- [WORK INSTRUCTION]:
Only the lines from the one containing "photos des intervenants de la table ronde" through the one containing "More Photos Of" should be printed, exactly as they appear below, with both ends included.

- [LISTED ENTRIES]:
=== Begin Enclosure ===

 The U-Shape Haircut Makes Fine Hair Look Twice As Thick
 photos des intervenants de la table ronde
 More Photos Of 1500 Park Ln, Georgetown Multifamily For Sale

=== End Enclosure ===
=== Begin Enclosure ===

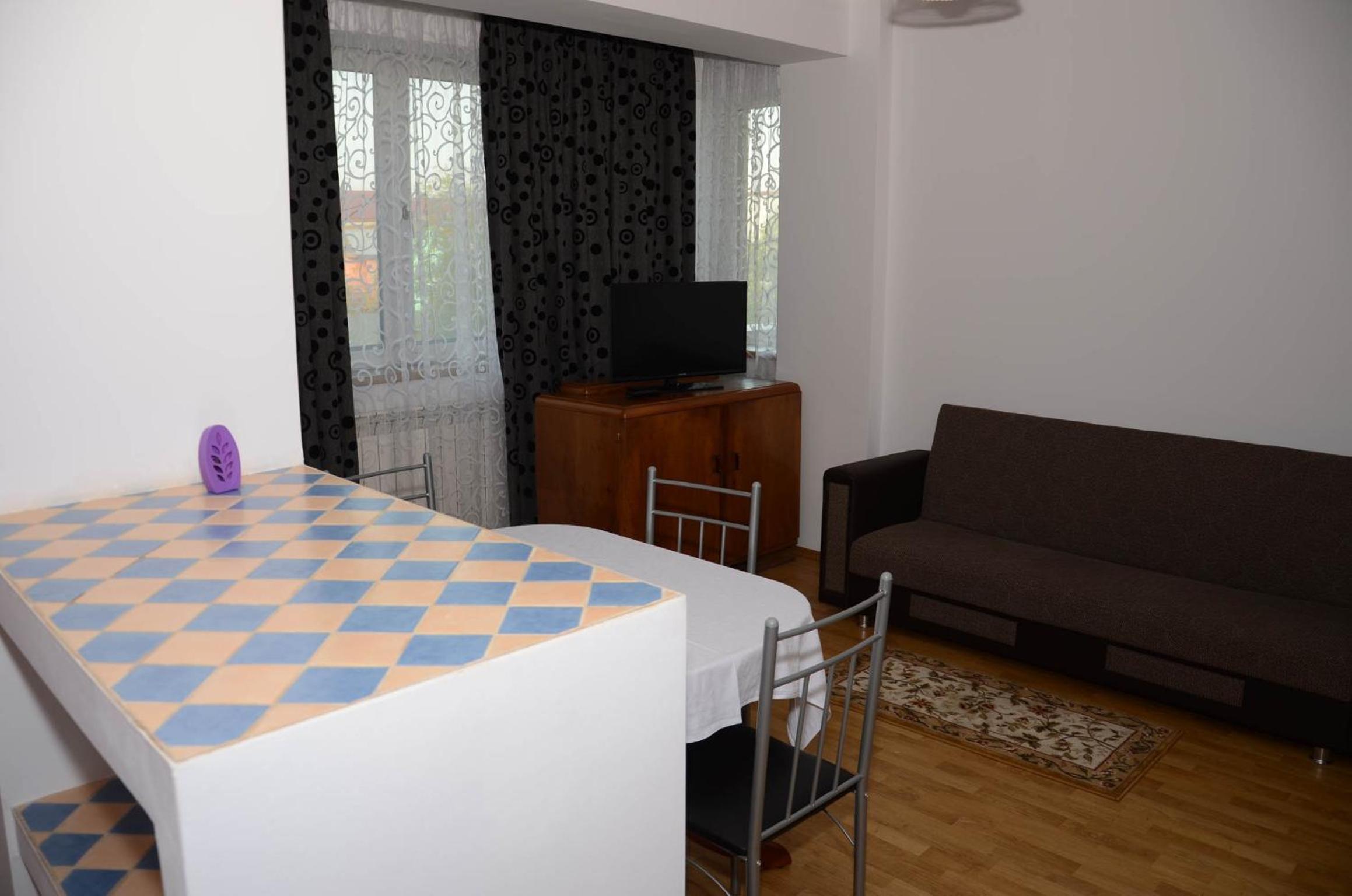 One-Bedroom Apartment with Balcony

=== End Enclosure ===

- [OUTPUT]:
 photos des intervenants de la table ronde
 More Photos Of 1500 Park Ln, Georgetown Multifamily For Sale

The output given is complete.